PROBLEM:
All pictures are to be excluded when the data below is output verbatim.

[[ THE DATA open ]]

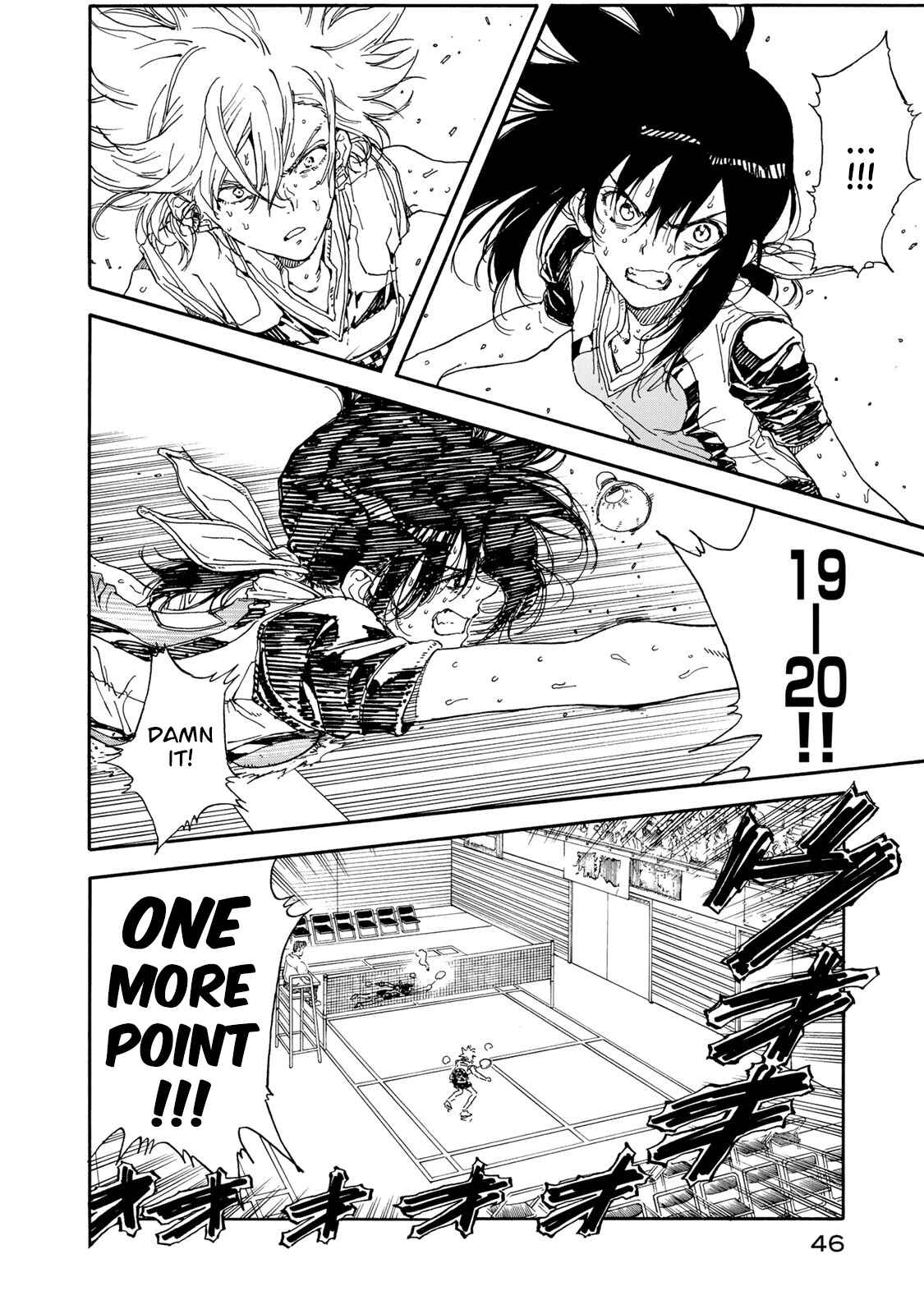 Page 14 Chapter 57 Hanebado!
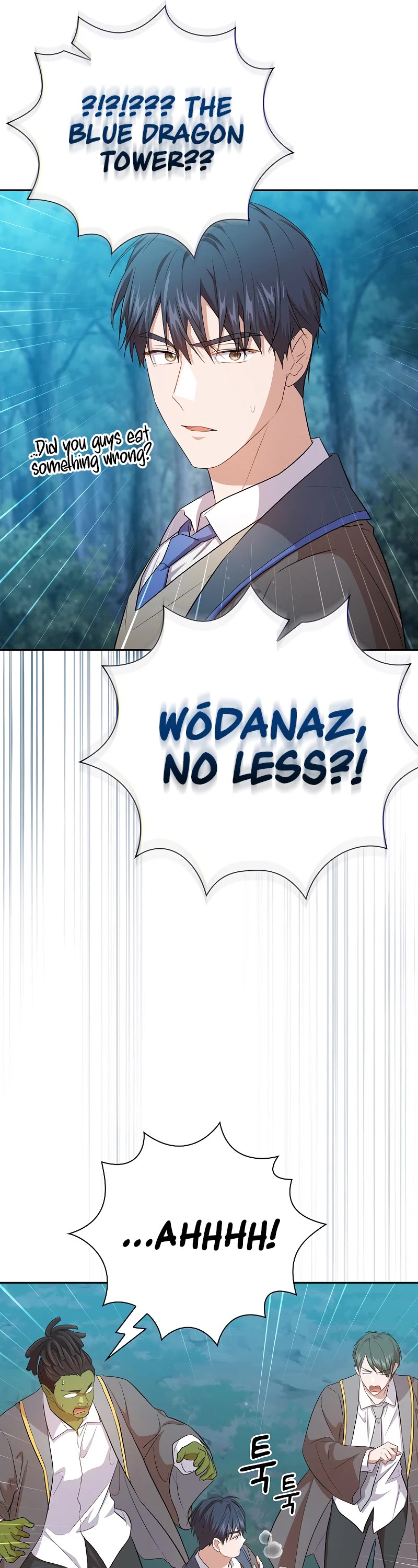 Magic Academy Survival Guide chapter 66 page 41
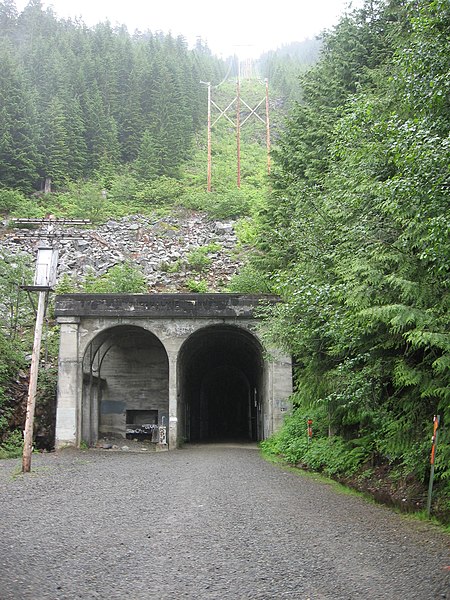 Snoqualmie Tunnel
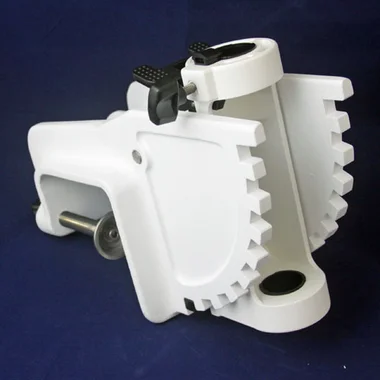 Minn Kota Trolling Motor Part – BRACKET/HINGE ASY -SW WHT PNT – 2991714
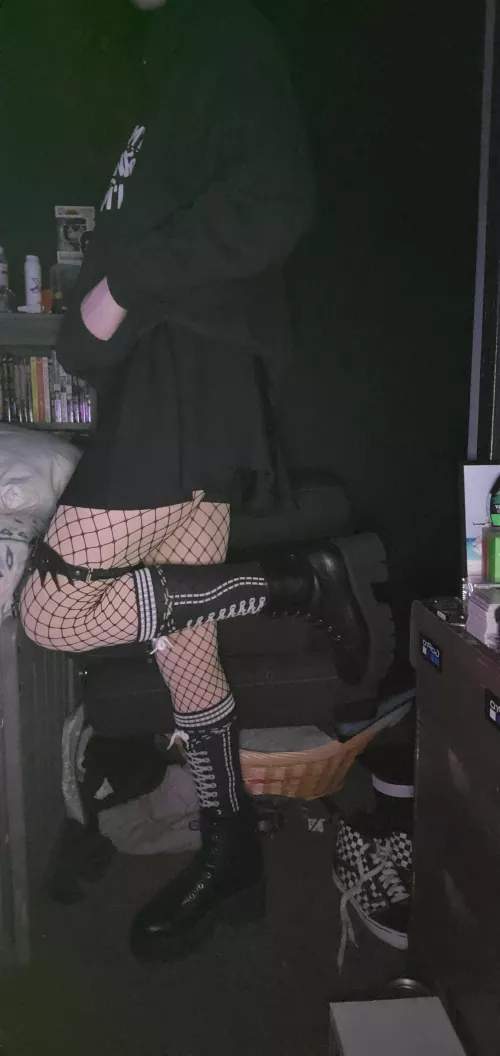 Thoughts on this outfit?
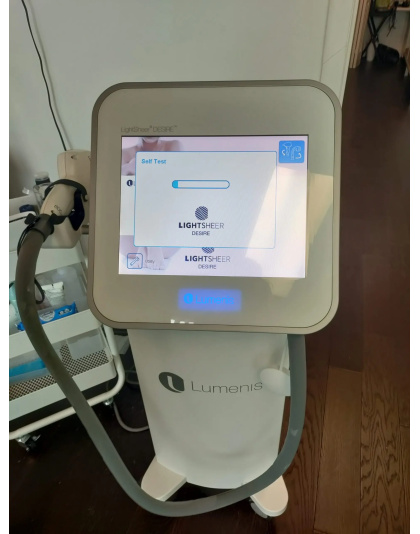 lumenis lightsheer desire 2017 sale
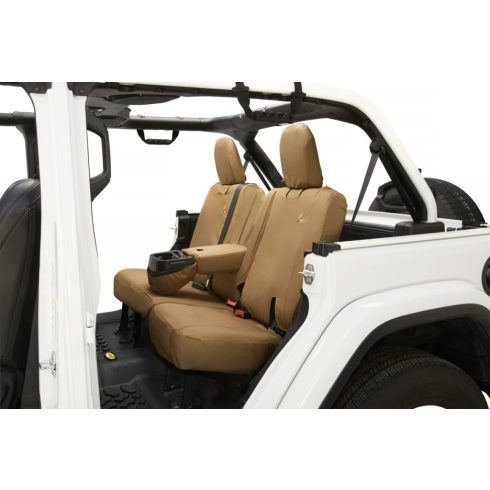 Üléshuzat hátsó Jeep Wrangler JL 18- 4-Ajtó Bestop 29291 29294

[[ THE DATA closed ]]

EXERCISE OUTPUT:
 Page 14 Chapter 57 Hanebado!
 Magic Academy Survival Guide chapter 66 page 41
 Snoqualmie Tunnel
 Minn Kota Trolling Motor Part – BRACKET/HINGE ASY -SW WHT PNT – 2991714
 Thoughts on this outfit?
 lumenis lightsheer desire 2017 sale
 Üléshuzat hátsó Jeep Wrangler JL 18- 4-Ajtó Bestop 29291 29294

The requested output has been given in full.